### Problem to work on:
As soon as the line containing "ND license plate HDA256" appears, start repeating lines exactly and continue to the end of the entries; please skip pictures.

### Information given:

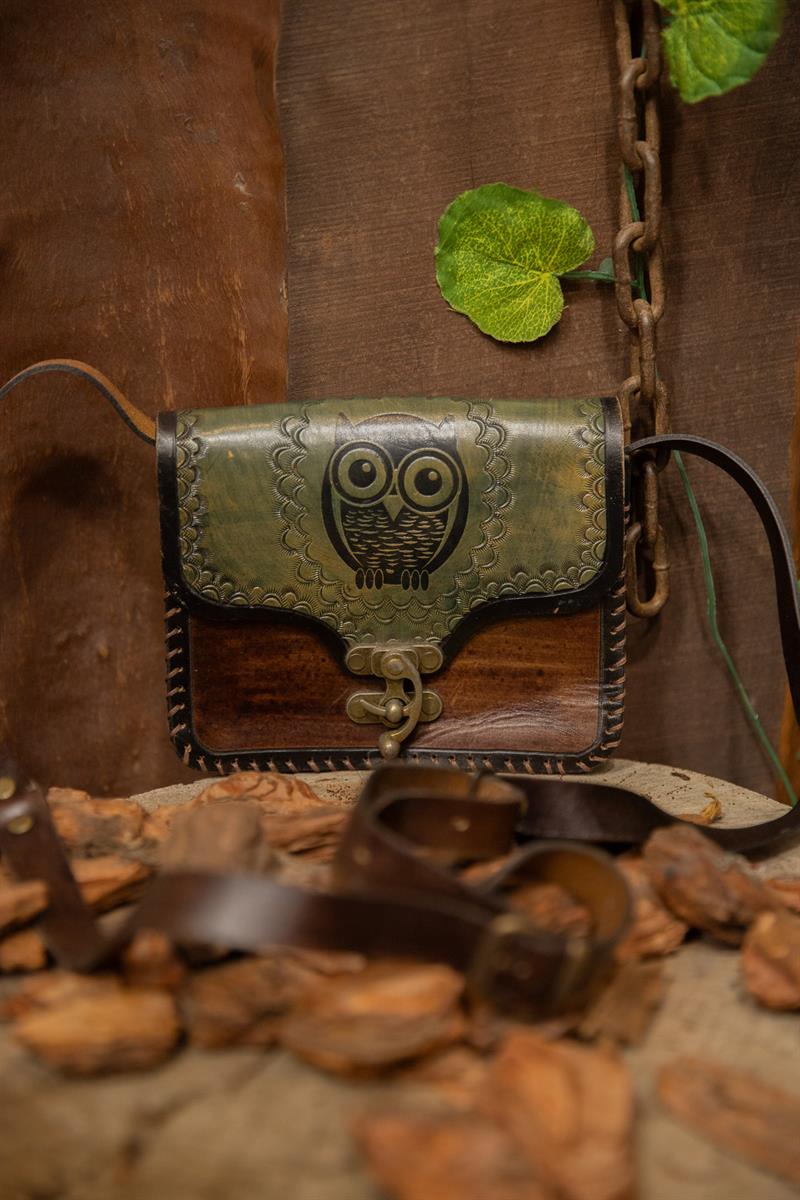 80s Western Owl Deri Çanta
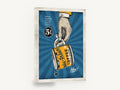 Happy To The Last Drop, retro coffee mug advertising poster, stretched canvas wall art print ready to hang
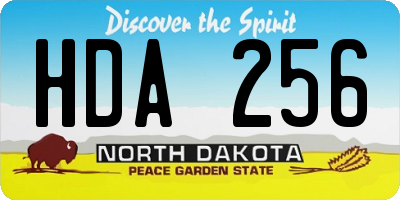 ND license plate HDA256
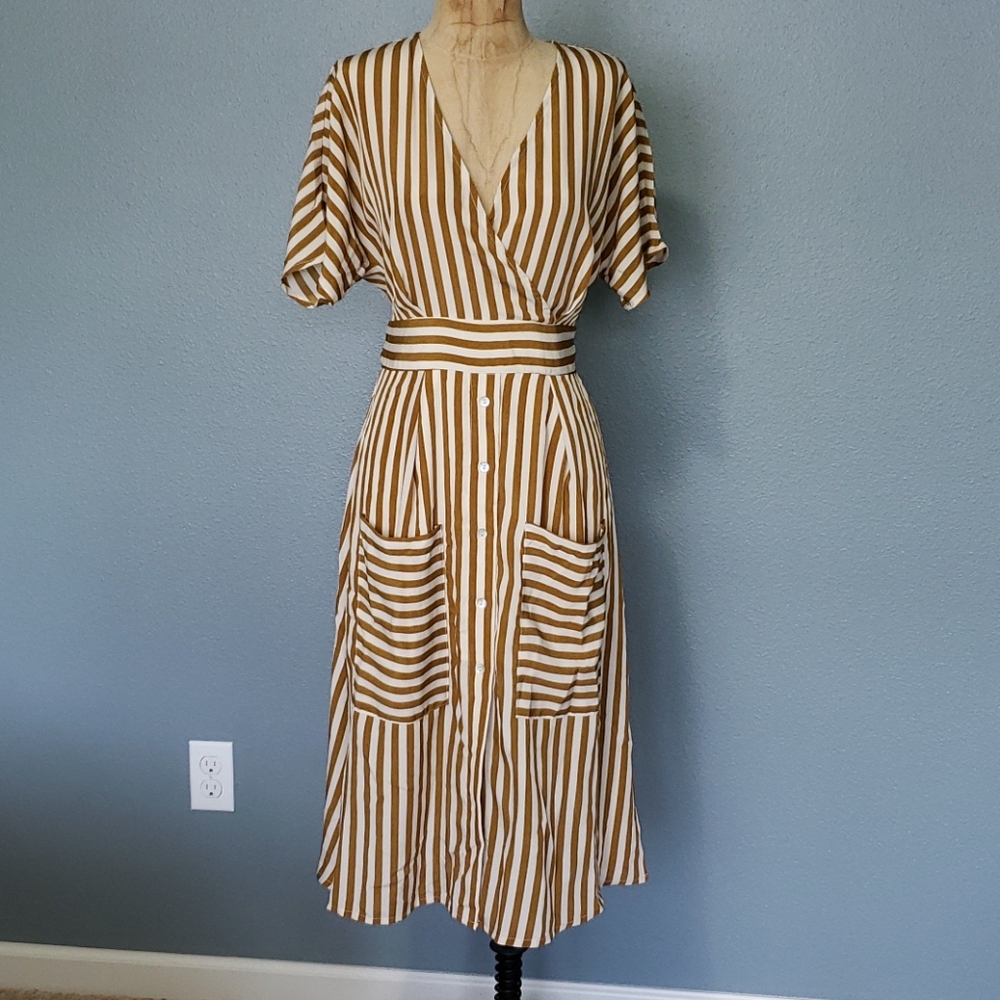 Mustard seed mustard & white stripes wrap dress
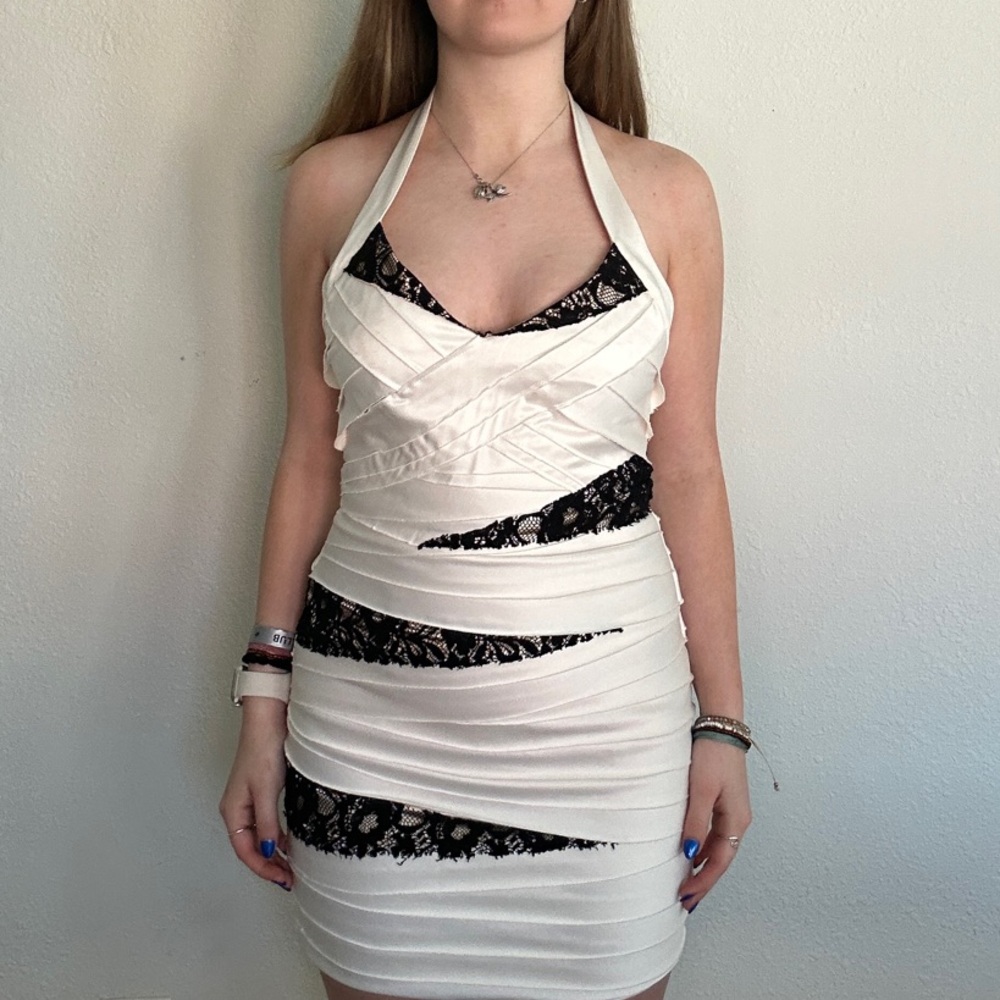 Bebe White and Black Ruched Halter Mini Dress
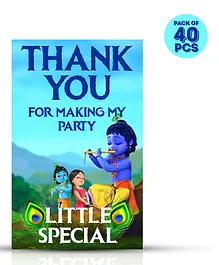 Zyozi Little Krishna Theme Thank You for Making My Party Little Special Tags for Birthday Blue - Pack of 40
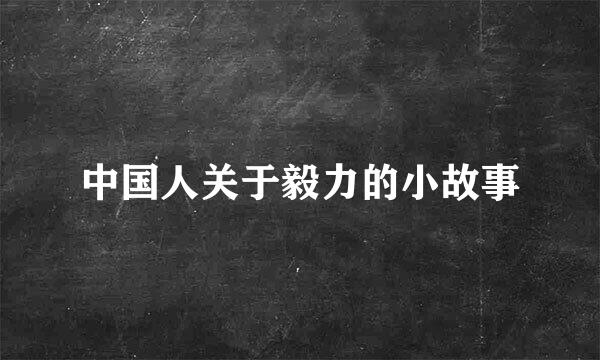 中国人关于毅力的小故事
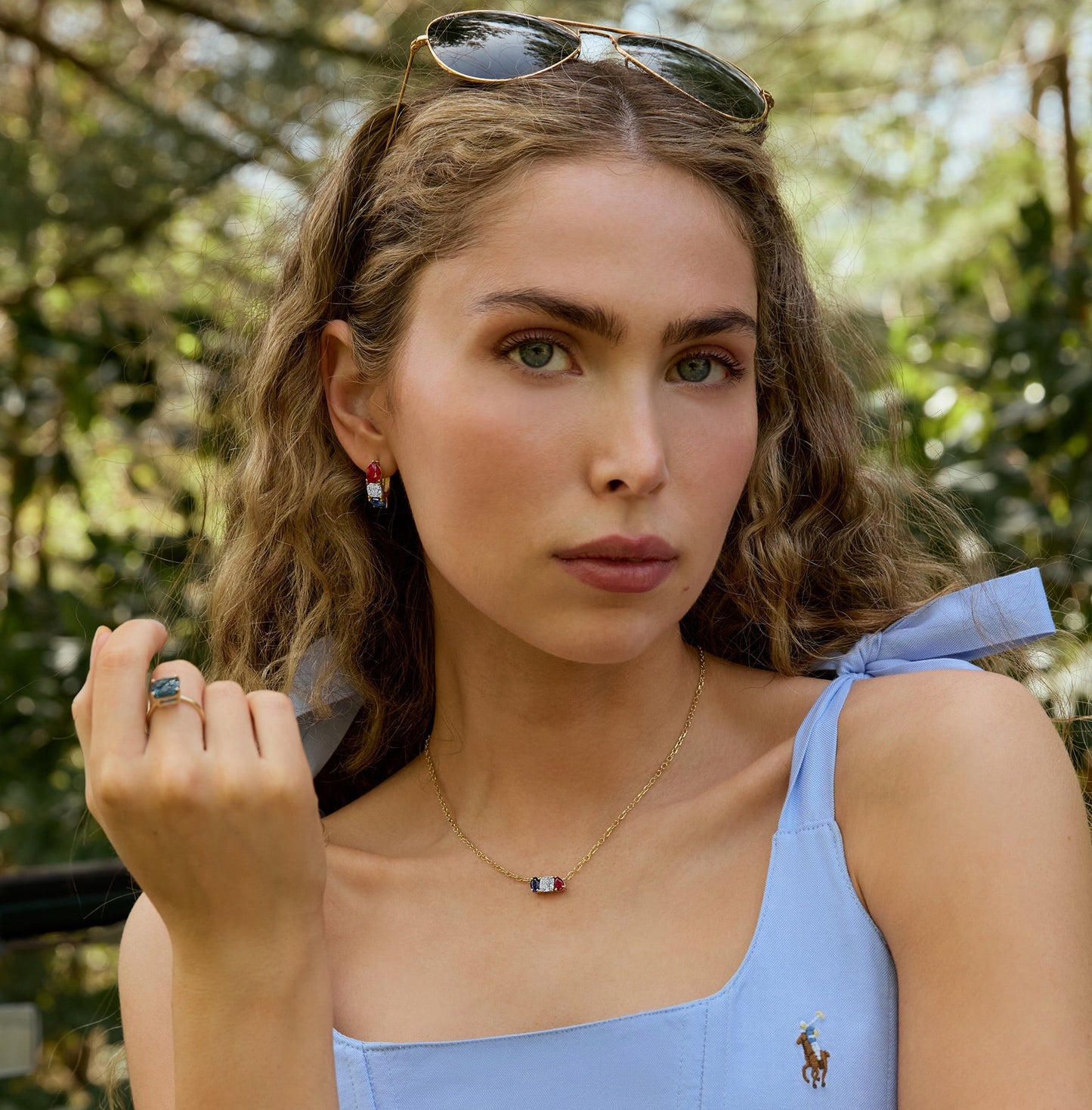 America250™ Signature Gemstone Hoop Earrings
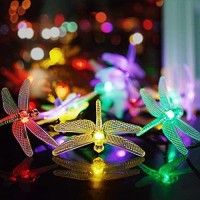 Dragonfly Solar String Lights, 30Led 21Ft 8 Modes Outdoor Waterproof Crystal Dragonfly Fairy Lighting For Christmas Trees, Garden, Patio, Fence, Wedding, Party And Holiday Decorations - Multi Color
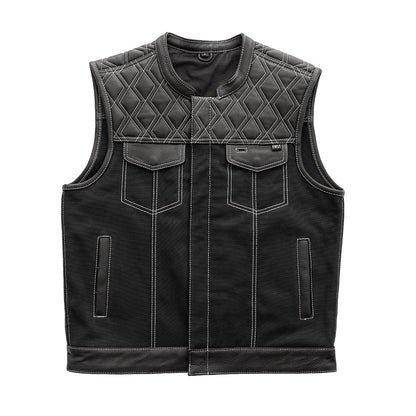Hunt Club Motorcycle Leather Canvas Vest White Stitch Men's Canvas Vests Vests White S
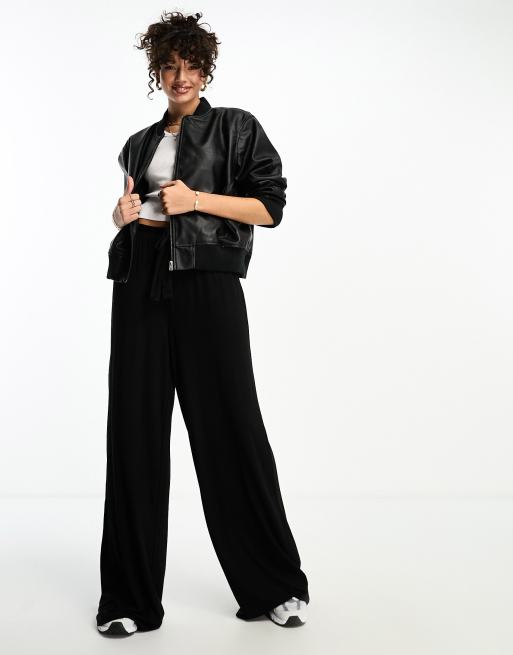 ASOS DESIGN Tall tie belt wide leg pants in black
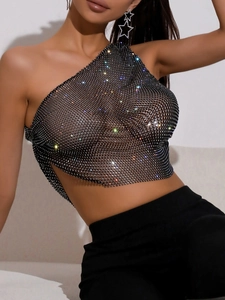 Sexy black one-shoulder mesh top with sparkling rhinestones for party and club wear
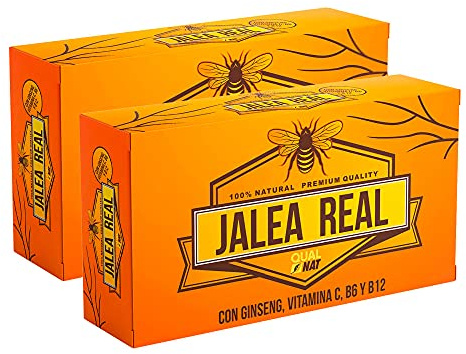 Jalea Real 100% Natural - Suplemento con Ginseng y Vitamina C | Jalea Real 40 Ampollas - Ayuda a Reforzar el Organismo y el Sistema Inmunitario - con Vitamina B6 y B12 - QUALNAT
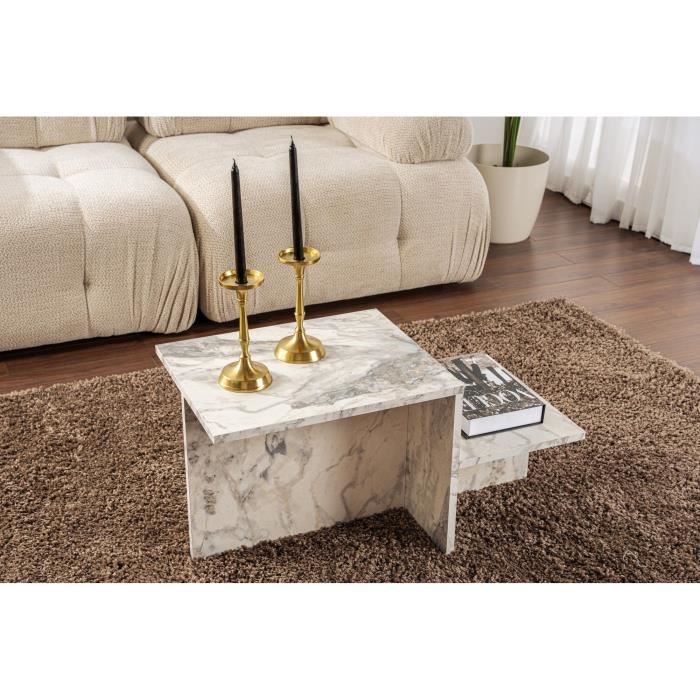 Table basse - HARMONY - Rectangulaire - Effet marbre Freesia - 80 x 40 x 40 cm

### Exercise output:
 ND license plate HDA256
 Mustard seed mustard & white stripes wrap dress
 Bebe White and Black Ruched Halter Mini Dress
 Zyozi Little Krishna Theme Thank You for Making My Party Little Special Tags for Birthday Blue - Pack of 40
 中国人关于毅力的小故事
 America250™ Signature Gemstone Hoop Earrings
 Dragonfly Solar String Lights, 30Led 21Ft 8 Modes Outdoor Waterproof Crystal Dragonfly Fairy Lighting For Christmas Trees, Garden, Patio, Fence, Wedding, Party And Holiday Decorations - Multi Color
Hunt Club Motorcycle Leather Canvas Vest White Stitch Men's Canvas Vests Vests White S
 ASOS DESIGN Tall tie belt wide leg pants in black
 Sexy black one-shoulder mesh top with sparkling rhinestones for party and club wear
 Jalea Real 100% Natural - Suplemento con Ginseng y Vitamina C | Jalea Real 40 Ampollas - Ayuda a Reforzar el Organismo y el Sistema Inmunitario - con Vitamina B6 y B12 - QUALNAT
 Table basse - HARMONY - Rectangulaire - Effet marbre Freesia - 80 x 40 x 40 cm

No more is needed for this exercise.